Se mettre dans les bonnes cases, daddy, chubby, bear et tutti quanti, ce
langage de Disney pour des gars de 50 piges avec de la cervelle, et qui l’abandonnent
pour un peu d’amour à trouver dans une ville tentaculaire. Passer des heures,
des mois, des années la dessus dans bouger, comme on prend son métro pour le
bureau en espérant la promotion.
Les
plus jeunes n’y voient goutte, ils sont encore à leur avantage, et n’entrevoient
guère cette vérité première : dans cette gigantesque boucherie, tout le
monde a pour horizon la poubelle a viande avariée.
Ces
kilomètres de messages ou on déballe le menu et où l’on se livre en omettant
beaucoup, comme lors d’un entretien de recrutement. A la moindre mauvaise réponse
tu peux te faire éjecter, bloquer, insulter. Les gens s’achètent, se louent, se
crachent à la gueule par écrans interposés puis font mine de l’avoir oublié deux
jours plus tard.

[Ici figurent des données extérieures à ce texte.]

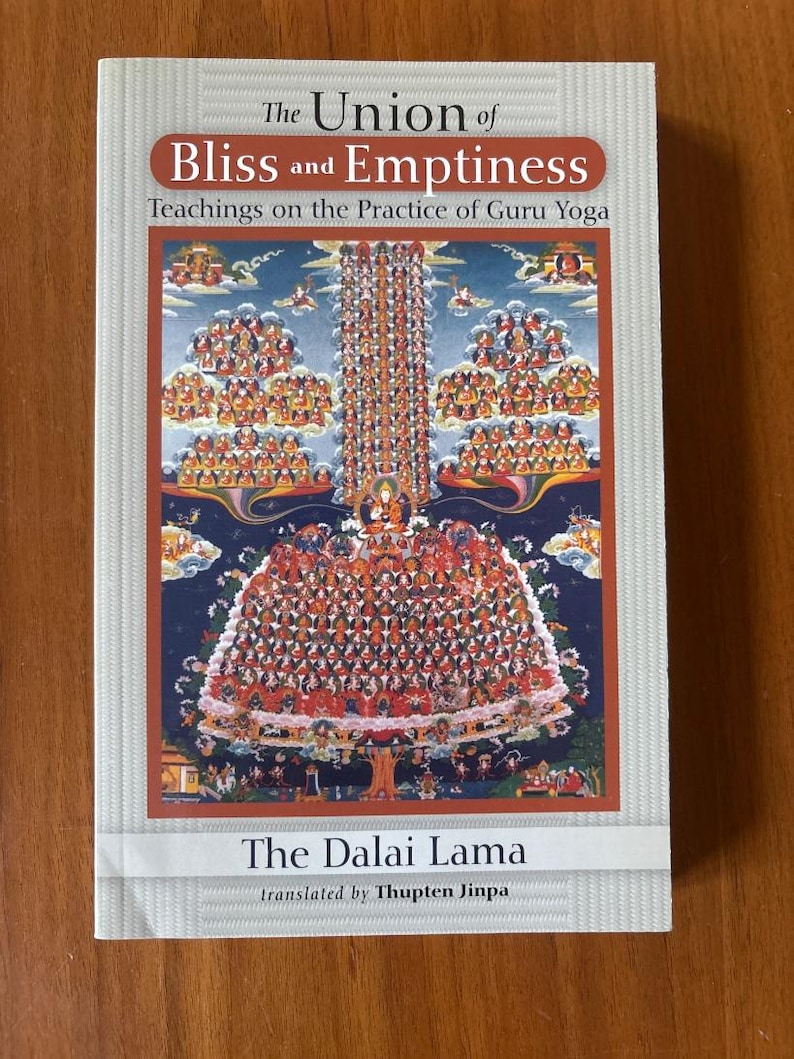 The Union of Bliss and Emptiness: Guru Yoga Teachings by The Dalai Lama (2009 Edition) Paperback image 1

Dans ce cloaque, les plus lâches et les plus méchants sont les
seuls vainqueurs, et les plus fragiles et sincères les cibles préférées. On
glose beaucoup sur l’homophobie, en omettant de dire que la plus féroce est
celle pratiquée en son sein.
C’est
si beau, l’humain, l’amour, la rencontre, la sensualité, la douceur, l’écoute,
le long cheminement pour connaitre un autre. Tout a été massacré et piétiné, de
tristes `plans cul qu’on préfère oublier et qui parfois remontent sans qu’on
leur veuille alors qu’il pleut.
Alors
l’homme seul et esseulé pleure sa triste solitude d’homo occidentalus. Ils
avaient eu tant d’occasions avant pourtant mais sont allés tous ou presque au
plus simple, la chair facile, l’addiction sexuelle, les trucs glauques entre
deux courses, les petits arrangements avec la vérité, les je te lâche pour rien
et je passe au suivant, et je reproduis en moins bien, et me voilà seul a 55
ans avec mon boulot de merde. Trop vieux et pas assez riche pour entretenir un
petit salopard qui me trompera et me piquera sans doute mes sous.
Vous
vous êtes laissés peu à peu détruire par renoncement ou lâcheté, les gars, mais
sachez-le vous êtes encore en vie. Il n’est point trop tard pour les désactiver,
ces applis, pour réapprendre ce que vingt ans auparavant vous faisiez. Sortez,
osez, entrez dans ce bar, ouvrez les yeux, prenez votre temps, contemplez. Lâchez
cette tension intérieure, y’a pas le feu, ce qui doit advenir adviendra pourvu
que vous soyez ouvert et vous-mêmes.
Soyez
plus forts, plus grands, plus sensibles, en un mot plus vous-même que cette logique
mortifère qui envoie tant de vos copains chez le psy et à la pharmacie voire à
la case suicide. L’amour ne se doit, ne se mérite ni ne s’achète ou se loue :
il se vit, se donne à vivre à celui qui l’a en lui et se donne à lui. Ceux qui
vous disent le contraire sont des serpents, n’écoutez que votre cœur les gars,
et réveillez moi ce bel endormi. Et aimez-vous un peu mieux, vous en deviendrez
aimables.
Quant
à vous les beaux gosses auto proclames aux pectoraux piqués aux stéroïdes,
rabattez votre caquet et écoutez vos ainés. Cessez de vous prendre pour des
dieux parce que la nature vous a gâtés. C’est provisoire ce truc, ça dure pas,
le nombre de likes sous vos photos c’est un leurre. Faites preuve de grandeur d’âme,
montrez-vous respectueux et bienveillants envers cet homme qui a l’âge d’être
votre père et que vous bousculez sans ménagement. Car quand à votre tour…
Wow c'est tellement "vrai" ton article ! Je m'y retrouve à l'heure où j'ai décidé de fuir toutes ces merdes d'applications gays, qui n'apportent que déceptions et frustrations. Après, il ne reste plus beaucoup d'autres solutions de rencontres réelles hormis le hasard Tout le monde n'a pas un bar gay etc... A proximité et pour ma part, je ne me suis jamais senti l'envi de m'y rendre Ça ne me correspond pas.VDM!